The syncopated poem runs to 34 stanzas of four lines, with an ABAB rhyming scheme. Auden mixes demotic argot with formal expression, using clever internal and external rhymes and half-rhymes. The first verse starts:

It was a spring day, a day for a lay when the air
Smelled like a locker-room, a day to blow or get blown.

History

Auden described writing a "purely pornographic" poem in a letter to Chester Kallman in December 1948, as an addition to the "Auden Corpus". Auden jokingly suggesting that Kallman write an similar poem about "the other Major Act" (anal sex) to be published together on "rubber paper for dirty old millionaires" with illustrations by Paul Cadmus. He also wrote the poem to demonstrate his true nature to Professor Norman Holmes Pearson, with whom Auden was collaborating on a poetry anthology.

Copies were circulated to Auden's friends but it remained unpublished until 1965, when Ed Sanders obtained a copy from an employee of the Morgan Library and published it (without Auden's permission) in his New York counterculture magazine Fuck You / A Magazine of the Arts (Vol 5 No 8) in March 1965, with a cover by Andy Warhol.

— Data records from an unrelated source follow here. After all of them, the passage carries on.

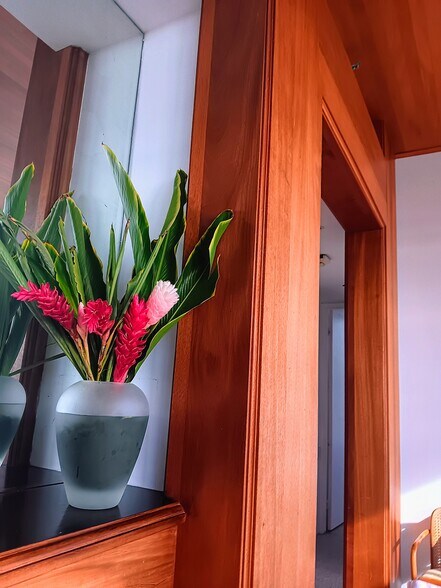 Building Photo - 930 Kaheka St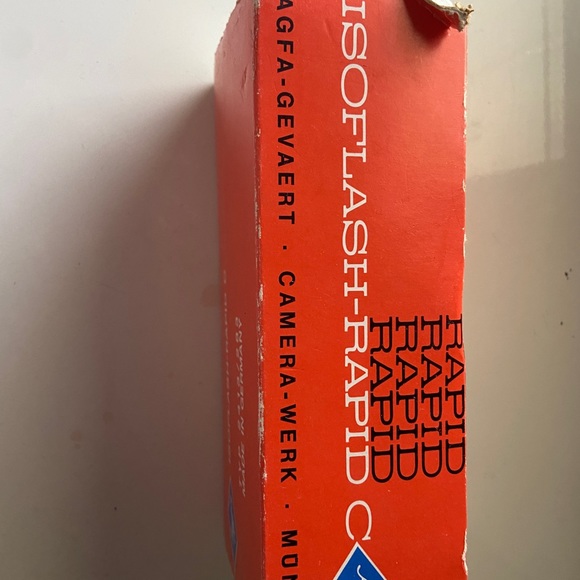 Vintage Agfa-Gevaert Isoflash-Rapid C Camera - Picture 10 of 11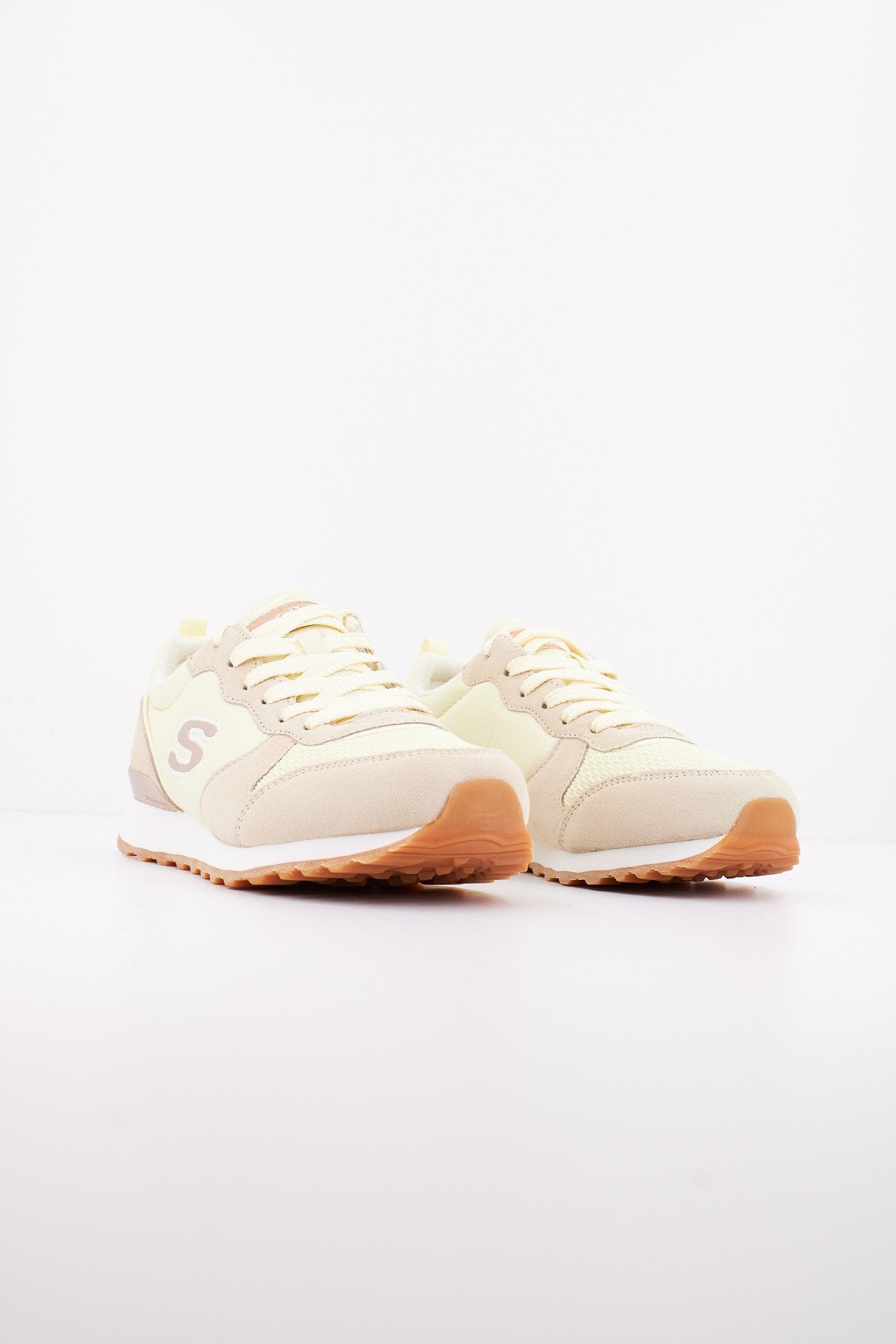 SKECHERS RETROS-OG -GOLDN G en color YEL  (2)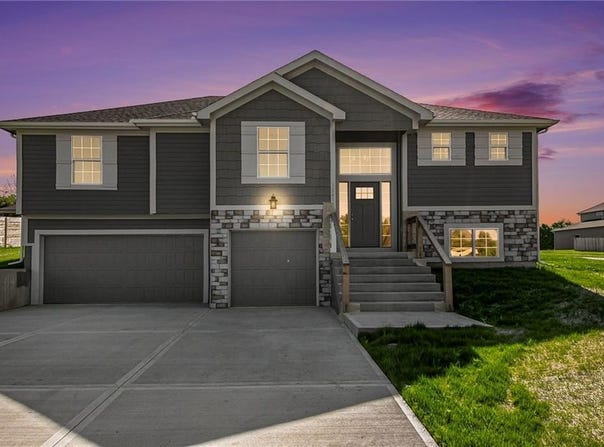 12414 Adam Street, Excelsior Springs, MO 64024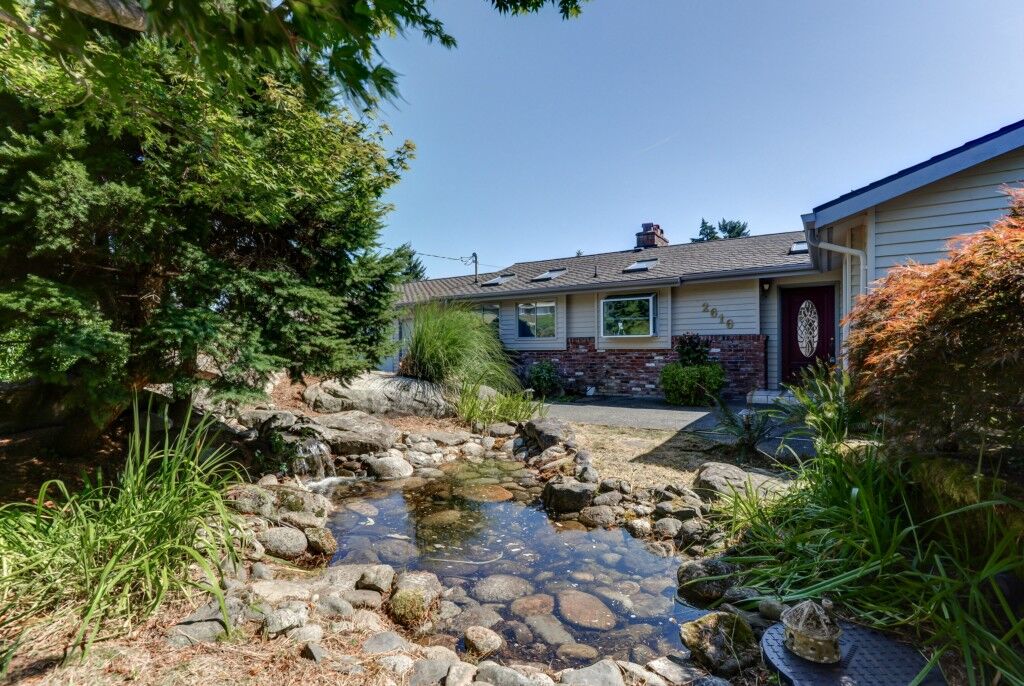 Property Photo:  2616  171st Avenue SE  WA 98008 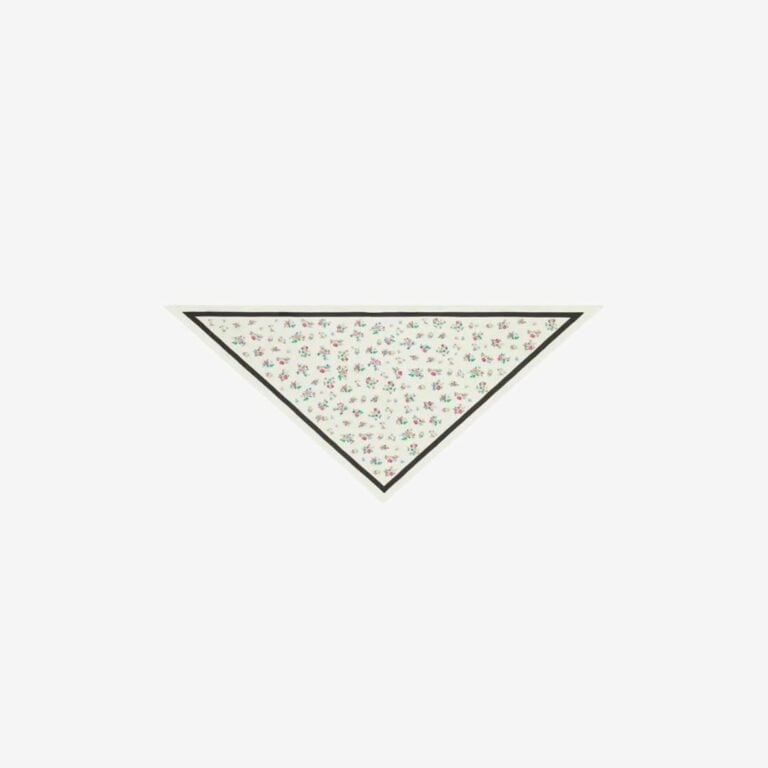 Khăn lụa Triangle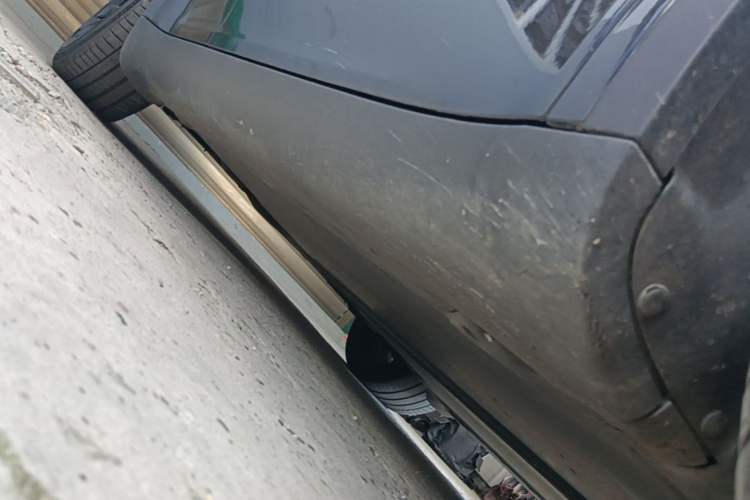 Used Tesla Model Y 2021 Long-Range All-Wheel-Drive Version 3D7 Right Side Sill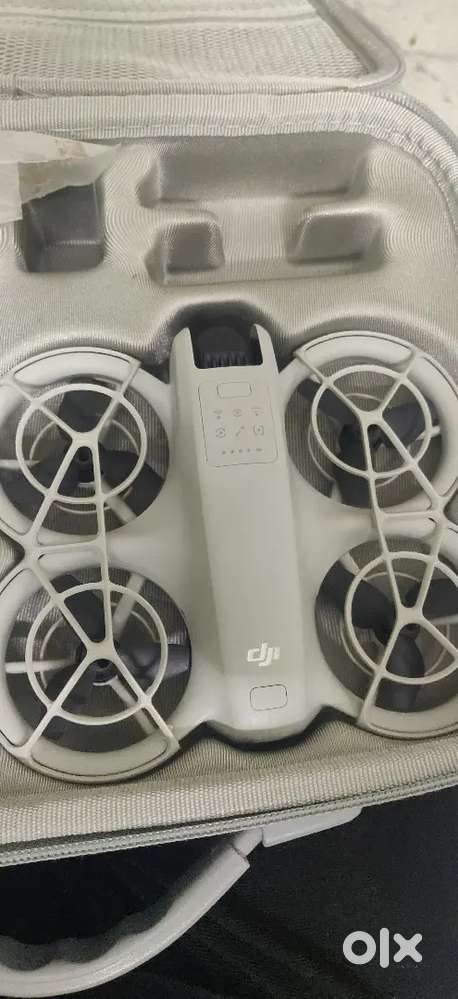 DJI NEO FLY MORE Drone COMBO IN MINT CONDITION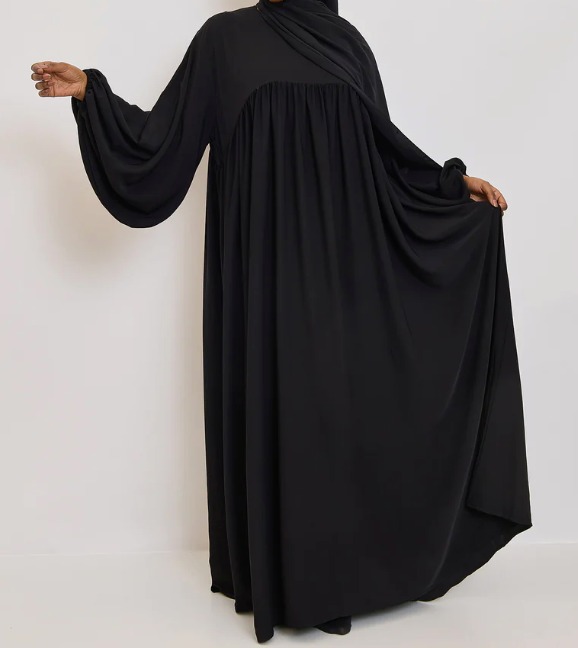 Abaya en soie de Médine noir, manches bouffantes et coupe ample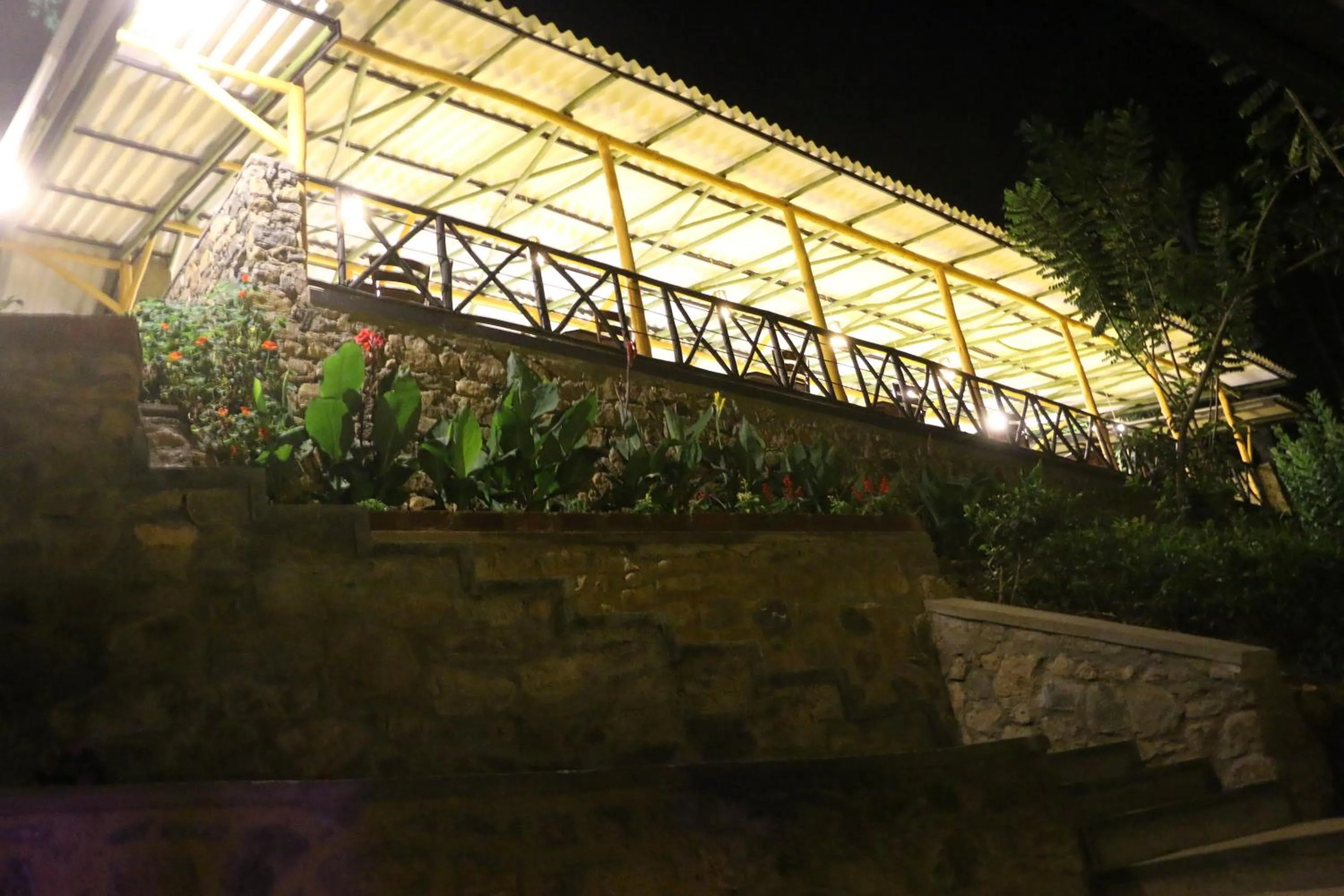Restaurant/places to eat in Train View Chalet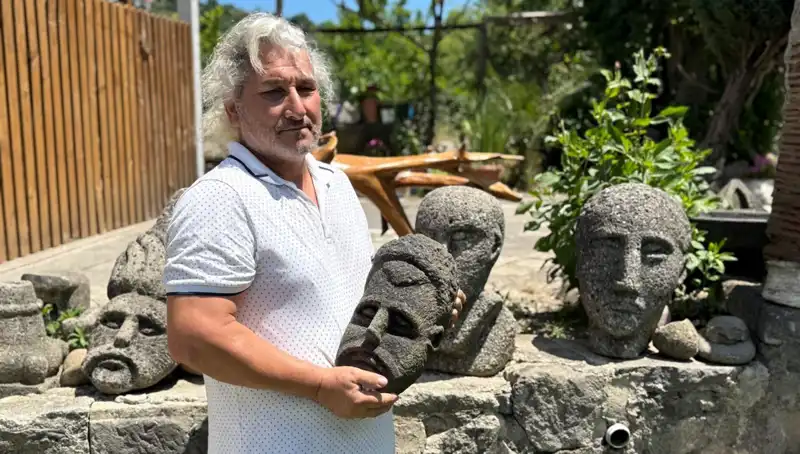 3 Günde Yapılan Heykeller, Görenleri Tarihi Eser Sanıyor: Sanatçı Neden Satmıyor?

The poem was included without a title, described as "a gobble poem snatched from the notebooks of WH Auden".

Auden admitted his authorship to friends, and in print in the Daily Telegraph Magazine in 1968. It was published by the European magazine Suck in October 1969, again without permission, under the title "The Gobble Poem" and then by Avante Garde magazine in 1970 entitled "A Day for a Lay". However, by 1970, Auden was denying authorship, and returned the royalty cheque.

The sensual description of a homosexual sex act has been compared to the long 1970s poem "Ode" by Mutsuo Takahashi.